La prima è di ordine storico. Sarà perché la mia cultura di formazione è quella del repubblicanesimo storico, ma dico io dovevamo scegliere proprio la data in cui viene approvato l’articolo unico “Vittorio Emanuele II assume per sé e per i suoi successori il titolo di Re D’Italia”? Un Parlamento che non era nazionale affatto, visto che a quella data all’ex Stato Sardo mancava ancora Mantova in Lombardia e tutto il Veneto, tutto il Friuli e tutto il Lazio? Per tacere poi dell’attuale Trentino Alto Adige, che arriverà sconfitto e annesso 60 anni dopo, al termine della prima guerra mondiale e c’incazziamo pure che la SVP dica di non avere niente da festeggiare? E non abbiamo proprio niente da ridire sul fatto che il Re di Sardegna preferì per non scontentare la sua aristocrazia continuare a chiamarsi Vittorio Emanuele “secondo”, a differenza di quel che aveva fatto Enrico III di Navarra che divenuto Re di Francia divenne Enrico IV perché quella era l’ordinale nazionale, esattamente come fece Giacomo VI di Scozia allorché si chiamò Giacomo I d’Inghilterra? Fate voi, ma a me questa data dice poco, l’Italia era disunita ancora e quel giorno contò innanzitutto per i Savoia, pace all’anima loro e un ballo pieno di simpatia per il loro attuale erede televisivo. Oltretutto, dei 170 mila che votarono per quel Parlamento di duchi e principi su 26 milioni di italiani dell’epoca, 70 mila erano dipendenti statali: sai che festa da ricordare.
La seconda ragione è di ordine culturale. Mi ha molto colpito l’improvvisa levata di scudi verificatasi su media, cultura e accademia, a favore del 17 marzo. Una pressoché unanime e stentorea riprovazione indignata, rispetto a chi obiettava. Un coro di sepolcri imbiancati, tutti intenti a sbandierare unità e tricolore contro i presunti nemici della patria. Che sarebbero, naturalmente, i criptosecessionisti leghisti. Polemica “ignobile”, è arrivato a dire Pierferdinando Casini, che di solito usa termini moderati. In questa trasversalità politicamente sospetta, hanno anche fatto capolino elementi singolari, estremamente significativi della mistificazione in corso. Per dire: nel festival nazionalpopolare per definizione, Sanremo coi suoi 12 milioni di spettatori, la serata dedicata al festeggiamento unitario è stata sparata a tutto schermo l’icona di Antonio Gramsci. Ora dico io se abbiamo avuto nella storia italiana del Novecento un critico tagliente e senza sconti dei limiti e dei fallimenti del processo unitario risorgimentale – in quanto moto al servizio della Corona di ristrette élites borghesi, totalmente fallimentare quanto a soluzione del problema sociale delle campagne e dei bassi ceti – quello è stato proprio lui, Gramsci, che ne ha imbevuto la storiografia egemone e nazionalmarxista successiva all’avvento della Repubblica!
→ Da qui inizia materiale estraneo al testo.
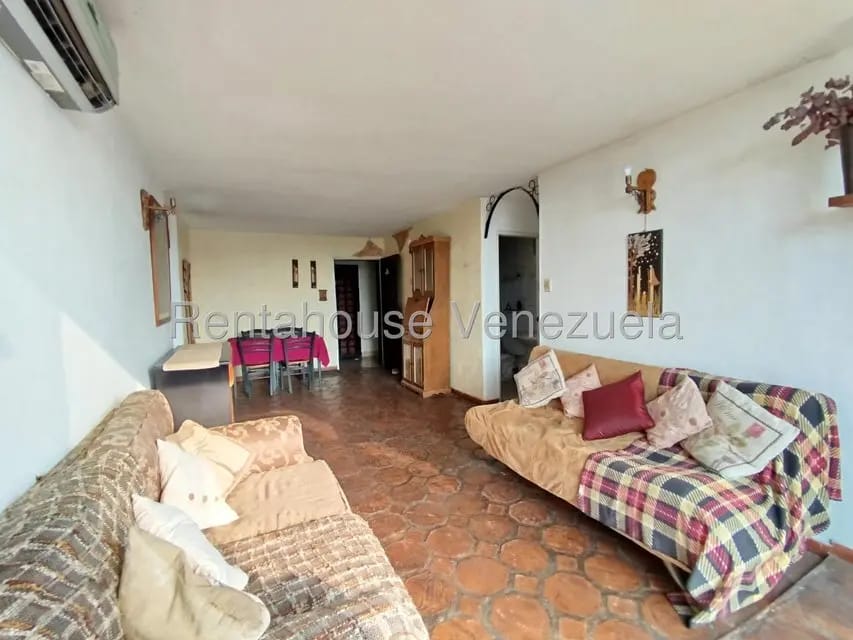 Apartamento (1 Nivel) en Alquiler en San Jacinto, Aragua - 15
Che cos’è successo, d’un tratto l’intera storiografia italiana di sinistra verrà riscritta ed emendata a favore dei Savoia, in nome del “meglio il Re Vittorio che Umberto”?
La terza ragione è che, oltretutto, pur di festeggiare e accontentare il Quirinale e il trasversalismo neopatrio, ci siamo inventato un ponte lungo che ci abbasserà reddito e produttività. Un messaggio assolutamente sbagliato, almeno per me. Tanto che ho brindato, quando Confindustria e tutte le altre associazioni d’impresa l’hanno fatto presente. Respinte tra gli improperi. E il ridicolo è che ho dovuto leggere, sul Corriere della sera, un fondo di Gianantonio Stella in cui si diceva ma quante storie, ci sono Paesi al mondo che lavorano meno di noi e con più feste ma sono più avanti. E questo sarebbe il commento del primo giornalone borghese e produttivo d’Italia? Non so perché, ma mi pare che questa, più che dell’Unità d’Italia, sia l’ennesima festa fatta al buon senso. Come il gatto fa la festa al topo, però."